As they were preparing to roll out early this morning Flagler County schools’ bus drivers got a surprise inspection from members of the Transportation Security Administration, the at-times dreaded federal agency and division of the Department of Homeland Security.
But it’s not what you think.
The agents were there at the invitation of Dontarrious Rowls, the district’s transportation director, who was essentially putting his staff through a safety-training drill that’s part of the TSA’s “Security Enhancement Through Assessment” program. Rowls had used the program in a previous job, and spent the last couple of months preparing to implement it in Flagler. So when bus drivers at first found unattended bags in their buses, they may have been a bit spooked. But that was the point: to see how they’d react, what they’d right and what they’d do wrong, and what it means about the Transportation Department’s safety protocols.
“We’ve never done this before, but some of the feedback I got from the drivers was good,” Rowls said, even as a few got a bit nervous during the exercise. A supervisor was in place to reassure them.
The SETA program is a “no-cost, collaborative, voluntary program that is designed to evaluate and improve a surface transportation stakeholder’s vehicle inspection procedures,” a program fact sheet states. “A tactical level assessment, SETA consists of covertly placing unattended bags on multiple vehicles simultaneously to simulate a coordinated terrorist attack.”
At least that’s how it’s phrased for all sorts of agencies that take advantage of the training, from airline companies to rail and other surface transportation agencies.
TSA’s program involves several steps, starting with what took place today, when bus drivers and the department’s protocols were under observation and those bags were left on buses to see whether and how drivers carried out their required pre- and post-route security checks. Of course they were not told ahead of time. “If I coach you out of the gate the gate I don’t get real feedback,” Rowls said. “We wanted to get a real baseline on where our drivers were.”
That part of the assessment is now completed. Phase 2 entails TSA inspectors providing briefings and security training on how the department can improve, what it’s doing well (and should keep doing), and other protocols it could consider. That will take place later this summer. Phase three is a re-assessment: another chance for the inspectors to see whether the department is implementing recommendations and ensuring that employees are abiding by them.
It’s all free and voluntary.
Rowls says he wants to do “everything we can to ensure we transport our passengers as safely as possible. It’s about being prepared. We can never teach preparedness enough, so all in all my direction for the department, my passion, is I have an obligation to the community and the stakeholders that trust us to transport their children as safely as possible.”
The Flagler County Transportation Department provides transportation to some 5,600 students every day, running 62 buses that cover 131 bus runs.
The inspectors also provide active-shooter training, hostage-situation training and other, less cataclysmic methods that more commonly apply to bus drivers, such as–for example–knowing how to detect a vehicle at a bus stop that isn’t usually there or may seem out of place, and reacting appropriately.
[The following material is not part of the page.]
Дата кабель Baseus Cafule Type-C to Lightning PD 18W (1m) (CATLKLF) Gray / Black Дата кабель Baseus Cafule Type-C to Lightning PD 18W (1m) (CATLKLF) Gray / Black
The approach is part of a broader reorganization and modernization of the department that’s also taking advantage of new technology on buses–10 new ones are to be delivered this summer–emphasizing training and providing employees down to service techs what they need to do the job.
The department went through stressful months at the beginning of the year, struggling through driver shortages, but it’s turned around since, resulting in what Rowls describes as “Not a comfortable place but a good place” for now.
“Safety is my number one priority, because we can’t be prepared enough when it comes to transporting our future and transporting our precious cargo,” Rowls said.